Unlike apparently all his previous victims, when Mrs Olive Durand-Deacon disappeared, someone was concerned about her whereabouts. Her friend Constance Lane reported her missing, and the trail soon led to a workshop in Crawley where after luring her there Haigh had shot the old lady in the back of the neck, robbed her corpse, and then dissolved her in acid. Fortunately, a thorough examination of the premises by pathologist Keith Simpson turned up enough evidence to convict him.
In an attempt to work his ticket to Broadmoor, Haigh confessed to other murders, including one that almost certainly never happened. He claimed too to be a vampire, but the jury were not impressed although they were surely revolted. He was hanged at Wandsworth Prison in August 1949.
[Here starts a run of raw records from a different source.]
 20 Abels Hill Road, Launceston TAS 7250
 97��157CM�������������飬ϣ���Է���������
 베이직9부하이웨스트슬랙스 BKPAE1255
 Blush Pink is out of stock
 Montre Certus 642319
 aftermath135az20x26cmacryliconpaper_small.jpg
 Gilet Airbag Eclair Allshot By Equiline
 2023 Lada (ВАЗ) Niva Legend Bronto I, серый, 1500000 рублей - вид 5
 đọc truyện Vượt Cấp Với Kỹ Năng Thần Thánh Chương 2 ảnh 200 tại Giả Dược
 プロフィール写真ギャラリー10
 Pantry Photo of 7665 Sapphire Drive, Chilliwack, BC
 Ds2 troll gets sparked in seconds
John Reginald Halliday Christie
If Haigh’s crimes were depraved, at least they had a rational motive; the same cannot be said for sexual sadist Christie’s. John Reginald Halliday Christie was born at Halifax, married young, and embarked on a life of petty crime. He served in the trenches during the First World War, and during the Second World War served as a reserve policeman in spite of his criminal record. While he was living apart from his wife he murdered two young women at his home, 10 Rillington Place. Their bodies were buried in the back garden, remaining there until the house of horror was uncovered in March 1953. After murdering his wife, Christie lured three women back to Rillington Place and disposed of them all. Then after forging her signature and stealing her savings, he sub-let his flat, and walked around London until his money ran out waiting for the inevitable.
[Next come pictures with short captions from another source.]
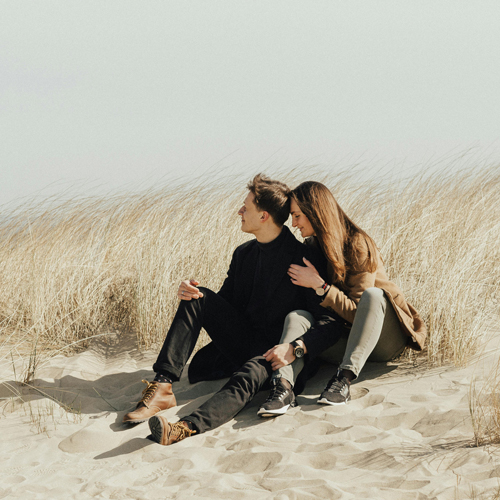 نکات مهم قبل از ازدواج اینترنتی و همسریابی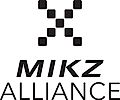 Mikz Alliance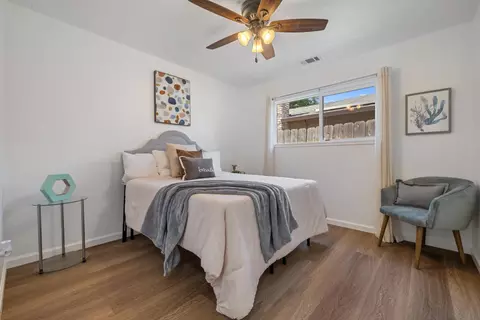 Bedroom - 1744 Darwin Ct, Ceres, CA 95307 photo 1 of 3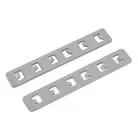 Соединитель шинопровода Wertmark WTG WTG.L0.00.E00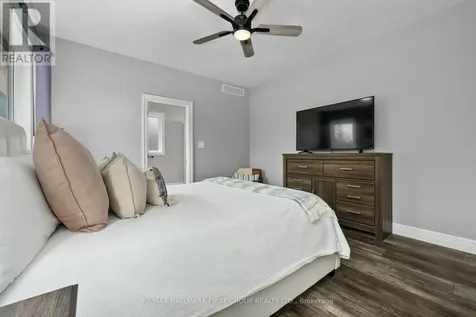 269 Lawson Settlement Road Brighton ON K0K 1H0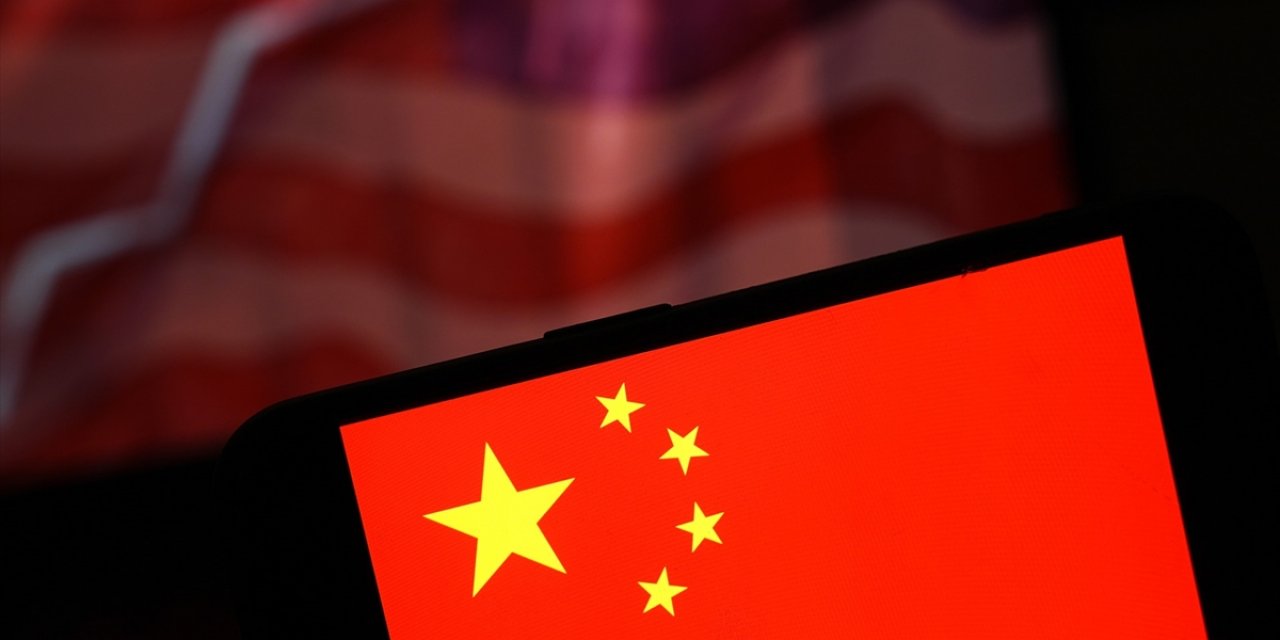 Çin, ABD'nin Tarife Artışına Karşı Amerikan Şirketlerine Getirdiği Yaptırımları 90 Gün Askıya Aldı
This would have been a big story anyway but it was even bigger on account of the Evans case. Timothy Evans and his young wife had lived in the upstairs flat of the same house. In March 1950, Evans was hanged for the murder of his baby daughter; he had also been charged with murdering his wife, and had confessed to both murders after giving the police a cock and ball story. At his trial, Christie had been the chief prosecution witness, and by this time Evans had blamed him, but had not been believed.
The controversy surrounding the conviction of Evans was used shamelessly by the Labour MP Sydney Silverman and his gang to campaign against capital punishment, and it is widely believed today that Evans was totally innocent. Dr Oates disagrees, and is far from the first person to conclude there was no miscarriage of justice here. The journalist Ludovic Kennedy was a Silverman fellow traveller, and according to Dr Oates, he more than any other individual has been responsible for polluting this subject after the solicitor Michael Eddowes started the ball rolling with the first book on the case. It was their lobbying that led to the second official inquiry a decade and a half later.
After the necessary preliminaries, the Brabin Inquiry into the Evans case opened November 22, 1965 and sat for 32 days finishing January 21, 1966, generating a considerable amount of paper including transcripts of the full proceedings. You would not want to wade through that, even if you lived within easy travelling distance of Kew, but if like Dr Oates you have murder on the brain, you might want to read John Christie Of Rillington Place: Biography Of A Serial Killer which does all the work for you far more precisely and accurately than any previous book on the case of the two men whose names will be locked together for all eternity, Evans & Christie.